In a tune-up for Sunday’s playoff clash, the Bills and Chiefs teamed up in Week 11 to deliver the strongest non-Thanksgiving numbers of the regular season, as Buffalo handed KC its first loss of the 2024-25 campaign in front of a national TV audience of 31.1 million viewers.
While the class of the AFC had America on the edge of its collective seat during the primetime window, the early Commanders-Eagles game on Fox suffered from a comparable lack of suspense. Philly’s 55-23 deconstruction of Washington averaged 44.2 million viewers, marking the NFC’s lowest turnout since the Rams-Saints 2019 title game drew 44.1 million. Oddly enough, that earlier game was a relative barnburner, as Los Angeles fought back from a 13-0 deficit before matters were settled by a 57-yard field goal in overtime.
Per Nielsen, 58% of all U.S. TVs that were in use while the Commanders-Eagles game was underway were tuned to Fox.
Fox faced particularly rough comps with last season’s analogous broadcast, which featured the Detroit Lions’ first trip to the NFC championship game in 32 years.
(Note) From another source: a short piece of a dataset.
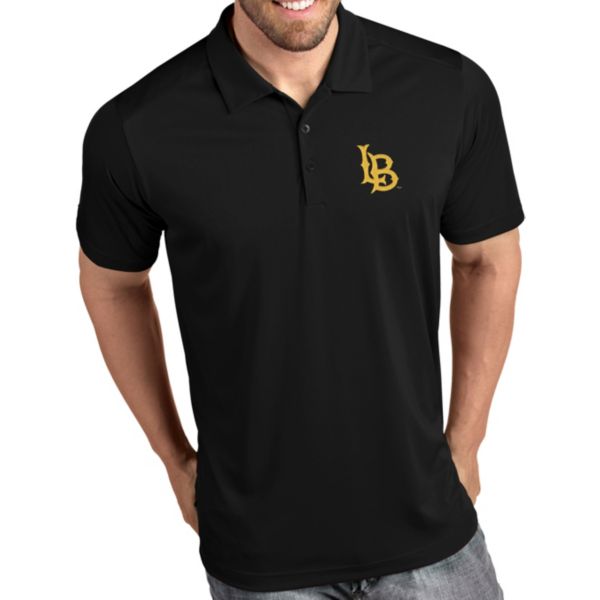 Antigua Men's Long Beach State 49ers Tribute Performance Black Polo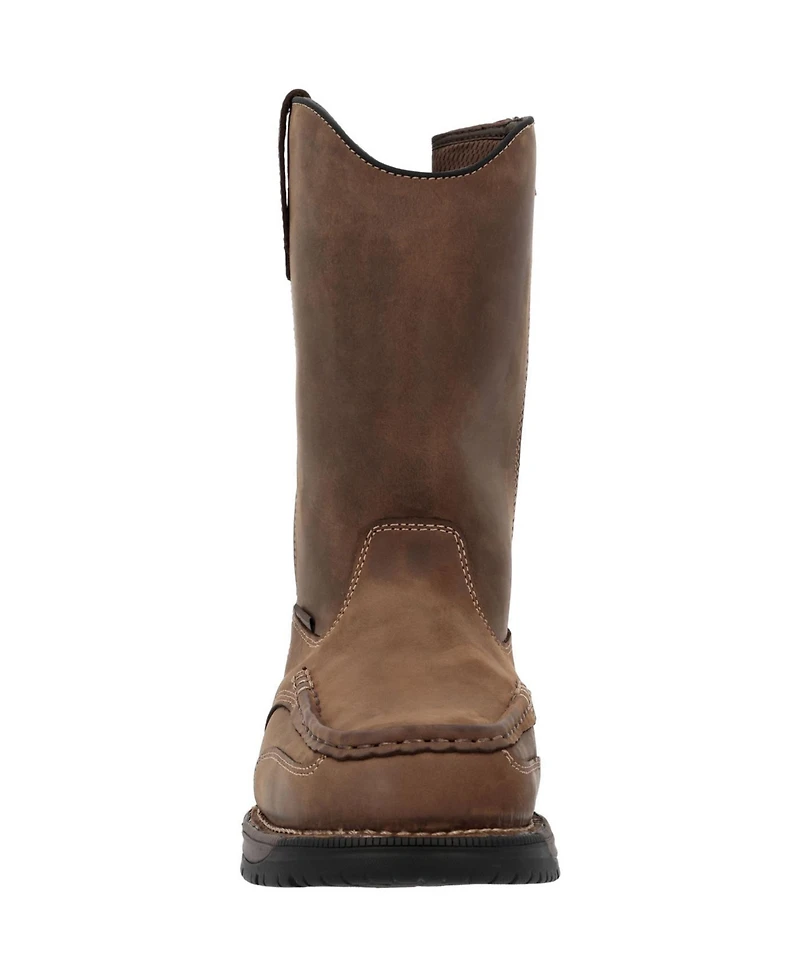 Georgia Boot Men's Athens 360 11" Pull-On Waterproof Moc-Toe Work Boot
The Lions’ quixotic quest for a Super Bowl date scared up 56.7 million viewers, and now stands as the fourth most-watched Championship Sunday on record.
All told, deliveries for the 12 NFL playoff games were down 8% versus last season’s lineup, as the league’s media partners averaged 35 million viewers per window, which works out to a net loss of 3.1 million impressions per game. The league’s regular-season ratings held up better, with slippage confined to a 2% dip.
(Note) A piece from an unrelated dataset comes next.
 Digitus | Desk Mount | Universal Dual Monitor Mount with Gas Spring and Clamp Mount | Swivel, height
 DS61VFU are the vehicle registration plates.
Of the top 20 most-watched AFC/NFC championship games on the books, seven were played after Nielsen began blending the out-of-home ratings impressions with its vanilla TV data in the fall of 2020. That more inclusive method of counting the house should give Fox a leg up on Super Sunday; not only have OOH deliveries over the last five years accounted for about 20% of all Super Bowl impressions, but the upcoming Chiefs-Eagles clash is expected to get a further boost care of Nielsen’s expanded OOH panel.
While Nielsen has yet to confirm that it has beefed up its legacy OOH reporting system beyond the 44 media markets it currently monitors, bringing its coverage from approximately 65% of all users to an even 100%, an official announcement is expected to land shortly before Super Bowl LIX kicks off in New Orleans on Feb. 9.